BAT will appeal the U.S. Food and Drug Administration’s marketing denial orders for its Vuse Vibe Tank Menthol 3.0 percent and Vuse Ciro Cartridge Menthol 1.5 percent, the company announced in a statement.
On Jan. 24, the FDA denied marketing applications for two menthol refills used in Vuse Vibe and Vuse Ciro vaporizers, which are sold in the U.S. by BAT subsidiary R.J. Reynolds. According to the agency, Reynolds’ applications presented insufficient evidence to show that the potential benefit to adult smokers outweighs the risks of youth initiation and use.

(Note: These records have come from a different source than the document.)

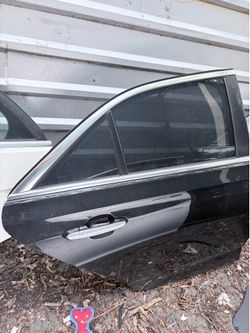 Cadillac ct4 rear right door parts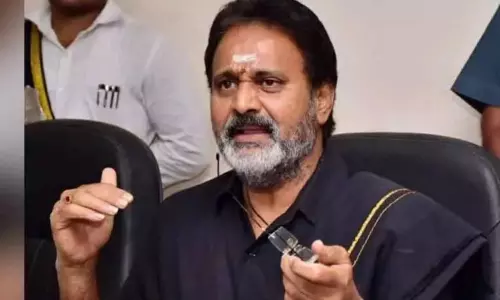 ఉల్లిపాయల కొరత సృష్టిస్తే చర్యలు: మంత్రి మోపిదేవి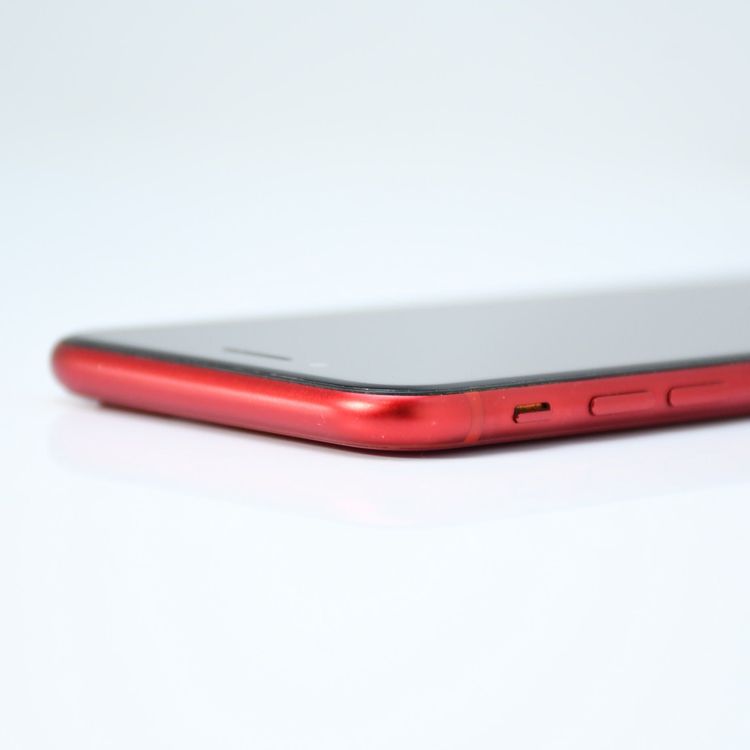 SIM�ե꡼ iPhone SE �裲���� 64GB ��å�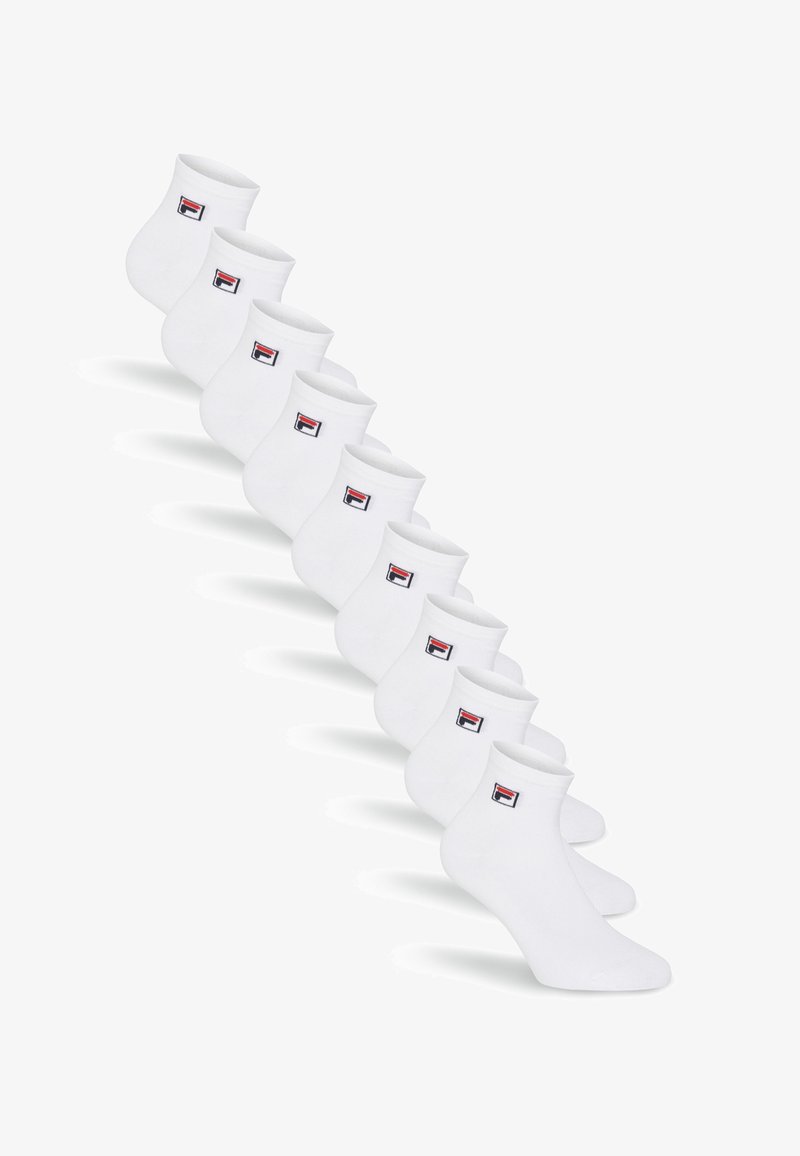 Dix paires de chaussettes blanches chevilles avec un petit logo rectangulaire en rouge, noir et blanc près du bord-côte sur un fond uni.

“Reynolds intends to seek a stay of enforcement immediately and will pursue other appropriate avenues to allow Vuse to continue offering its innovative products to adult nicotine consumers age 21-plus without interruption,” the company said.

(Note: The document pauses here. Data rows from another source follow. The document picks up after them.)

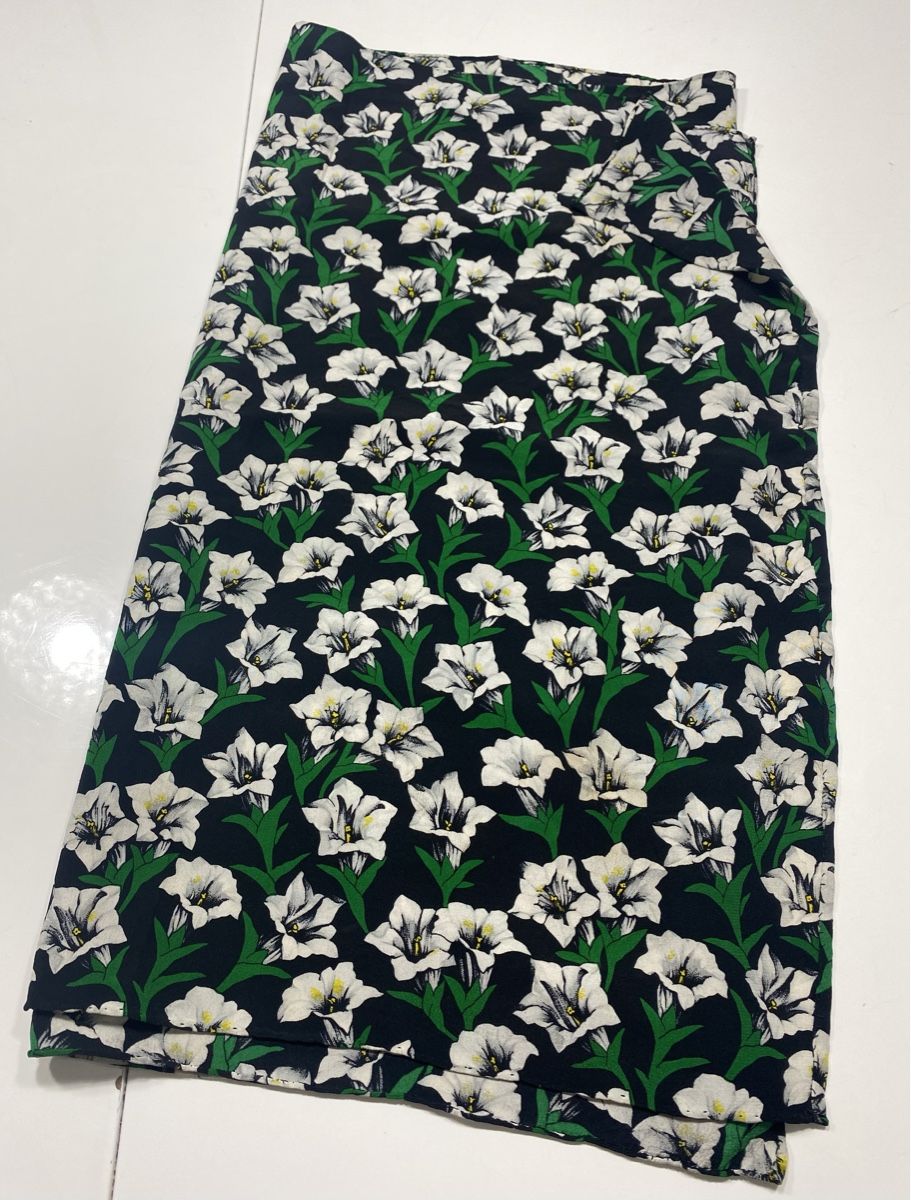 Foulard & Sciarpe: Seiden Schal 🌸 – Usato da Opfikon venduto da Luis144 4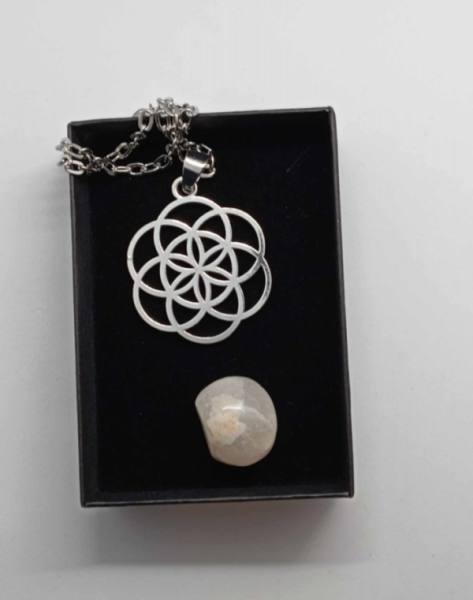 Ogrlica Amulet Roža življenja z kristalom Mesečev kamen 3054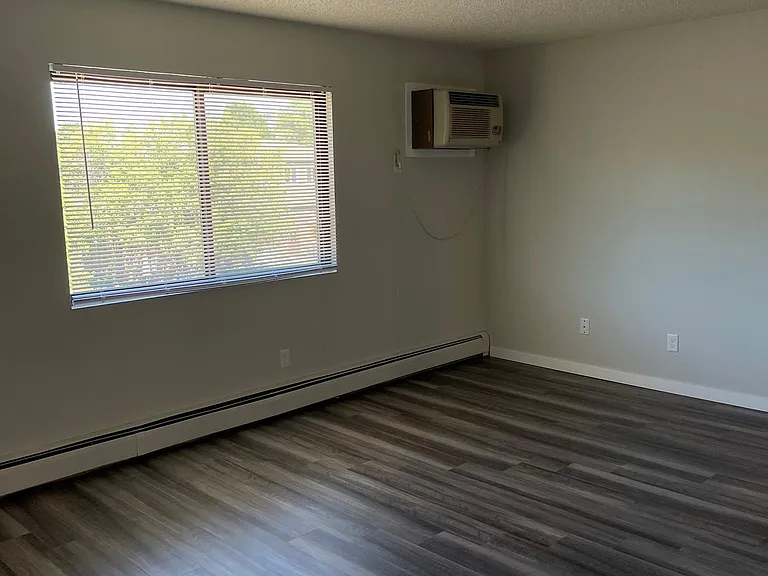 650 S Johnson St #11 — Photo 5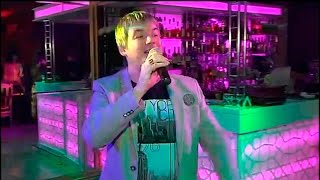 Певец и  ведущий Андрей Капустин, концерт Натали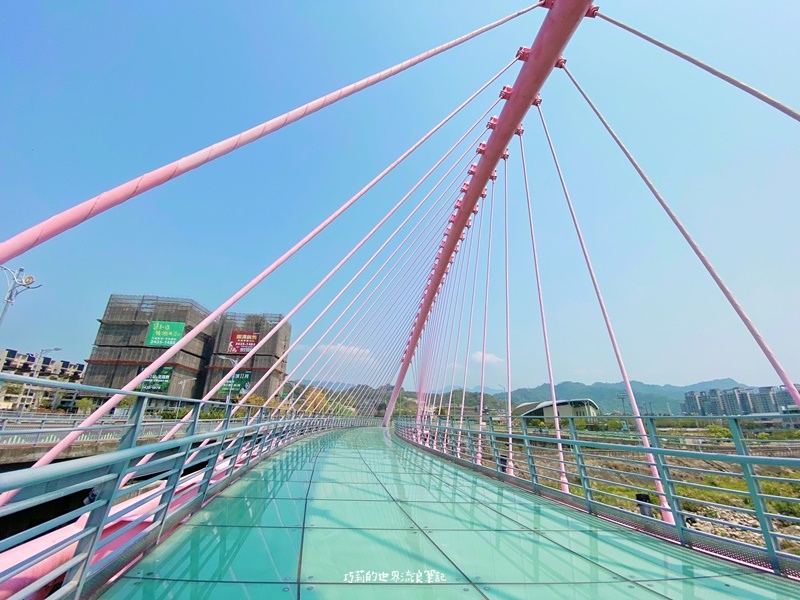 大坑情人橋 || 浪漫粉紅色斜張橋・玻璃橋面倒映浪漫之心藍天白雲怎麼拍都很美！ @巧莉的世界流浪筆記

“We believe that menthol vapor products are critical to helping adult smokers migrate away from combustible cigarettes. FDA’s decision, if allowed to go into effect, will harm, not benefit, public health.
“We remain confident in the quality of all of Reynolds’ applications, and we believe that there is ample evidence for FDA to determine that the marketing of these products is appropriate for the protection of public health.”

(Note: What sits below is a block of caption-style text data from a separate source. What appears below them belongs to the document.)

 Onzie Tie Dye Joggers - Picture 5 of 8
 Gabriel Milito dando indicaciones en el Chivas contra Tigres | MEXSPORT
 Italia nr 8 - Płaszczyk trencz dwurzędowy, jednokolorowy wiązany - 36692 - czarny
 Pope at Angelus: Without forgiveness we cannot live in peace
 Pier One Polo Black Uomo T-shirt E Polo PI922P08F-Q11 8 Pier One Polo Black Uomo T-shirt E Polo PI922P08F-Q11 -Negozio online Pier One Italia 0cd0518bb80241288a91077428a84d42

Anti-tobacco campaigners countered that menthol e-cigarettes appeal to underage consumers. “Existing evidence demonstrates that nontobacco-flavored e-cigarettes, including menthol flavored e-cigarettes, have a known and substantial risk with regard to youth appeal, uptake and use; in contrast, data indicate tobacco-flavored e-cigarettes do not have the same appeal to youth and therefore do not pose the same degree of risk,” said Matthew L. Myers, president of the Campaign for Tobacco-Free Kids, in a statement.
Morgan Stanley said it expected the rejected products to remain on the U.S. market for the duration of BAT’s appeal, with minimal impact on the company’s operations. “Longer term, should today’s denial order reflect a broader effort by the FDA to ban menthol e-cigarettes, BAT’s U.S. cigarette business could benefit given its menthol mix as it might discourage some smokers from quitting or switching to reduced-risk products,” the bank wrote in a note to investors. Reynolds’ Newport brand represents about 40 percent of BAT’s U.S. cigarette dollar sales, according to Morgan Stanley.
The Jan. 24 rejection of the Vuse refills underscores the FDA’s ongoing reluctance to approve menthol e-cigarette flavors. To date, the agency has approved only tobacco-flavored e-cigarettes.
However, the FDA has granted both a premarket tobacco product application and modified-risk tobacco product designation to IQOS’ menthol variant, which may eventually leave Philip Morris International’s heat-not-burn product as one of the few menthol reduced-risk alternatives on the market.
The FDA is targeting publishing a final rule to ban menthol cigarettes in August 2023, but considering expected industry litigation, final implementation could be five to six years away, according to Morgan Stanley.